Plus I like the way it looks when I leave the boiler door open to burn out the creosote after a warm spell.
The reason I am using 8 inch is because the two sections of pipe were free.. But man did they bend me over when I bought that stainless steel cap.. Wow. they could have at least used some sort of LUBE. LOL


----------



## beerman6 (Jan 4, 2009)

lol...


----------



## windthrown (Jan 4, 2009)

The CB 4436 that we had did not come with a raincap/sparc screen. The dealer said that the ones they had then sucked and did not advise getting one. I used a 5 gallon bucket over it in summer for 2 years. Then 2 years ago I got a replacement controller from the dealer (for free, he extended the one year warantee on it) and said they they (Central Boiler) had a better/newer rain cap/sparc arrester so we bought one and put it on. It worked good, but the sparc screen burns out pretty fast with any flames coming out the top. The rain cap is still working fine on it though. That place gets about 8 feet of rain a year. So a minor amount of heat saved. Also easier to shut it down in summer, no need to put the 5 gallon plastic bucket over it any more.


----------



## Slick (Jan 4, 2009)

Yeah these things are more expensive than I thought they would be...anyone got any pictures of ones they are or have used?


----------



## Laird (Jan 5, 2009)

Here is what I use. It is stainless and has a piece inside you can't see in the pic that covers the opening for rain protection.

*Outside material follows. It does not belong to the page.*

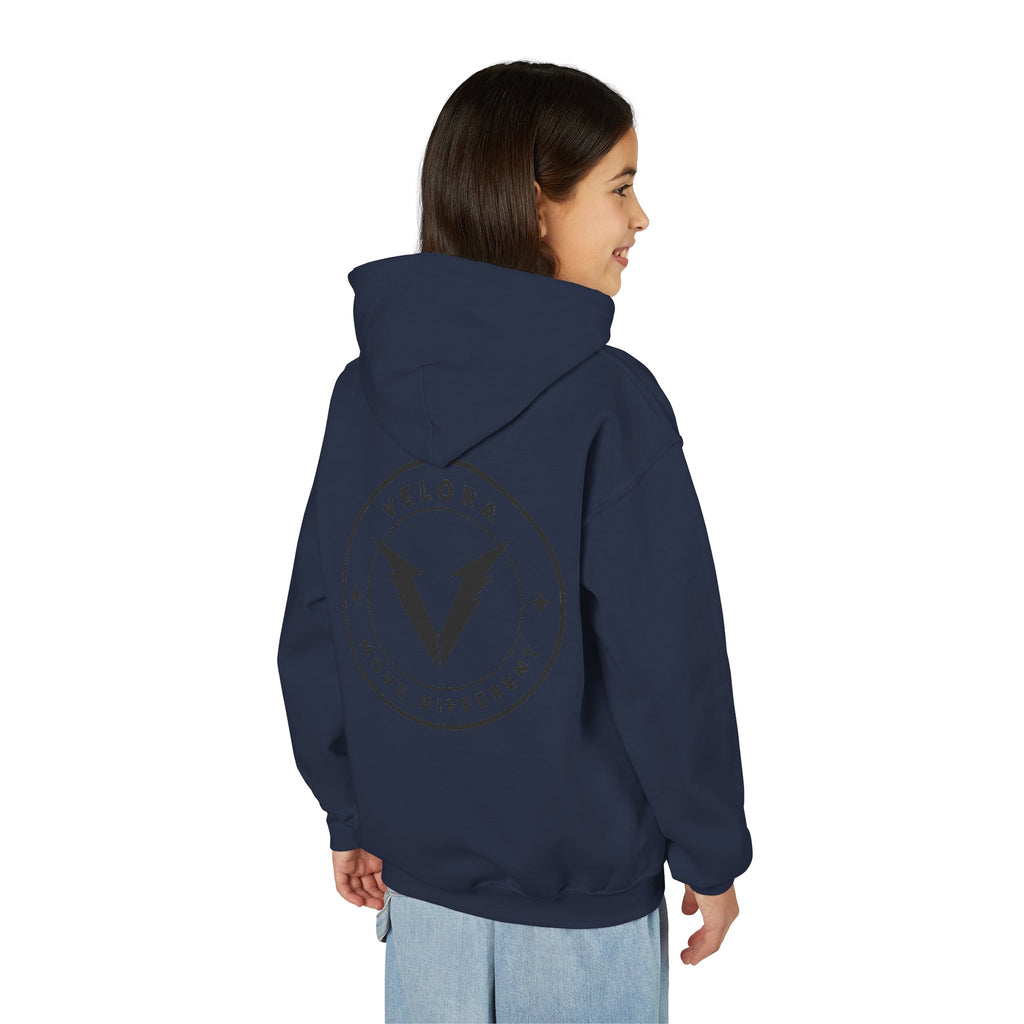 VELORA Mini Motion Hoodie — Youth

I have never figured out how to add a pic to the body of my post and have to do it as an attachment. If anyone can help out I would appreciate it.


----------



## November Wolf (Jan 5, 2009)

Laird said:


> Here is what I use. It is stainless and has a piece inside you can't see in the pic that covers the opening for rain protection.
> 
> I have never figured out how to add a pic to the body of my post and have to do it as an attachment. If anyone can help out I would appreciate it.




Here you go.

http://www.arboristsite.com/showthread.php?t=65204


----------



## Laird (Jan 5, 2009)

Thank you!


----------



## Hawken (Jan 5, 2009)

I just put one on two weeks ago. I ran my stove three weeks before that without. I do not see a problem with draft or build up. I have seen some sparks shooting out a few times and thought better safe than sorry.


----------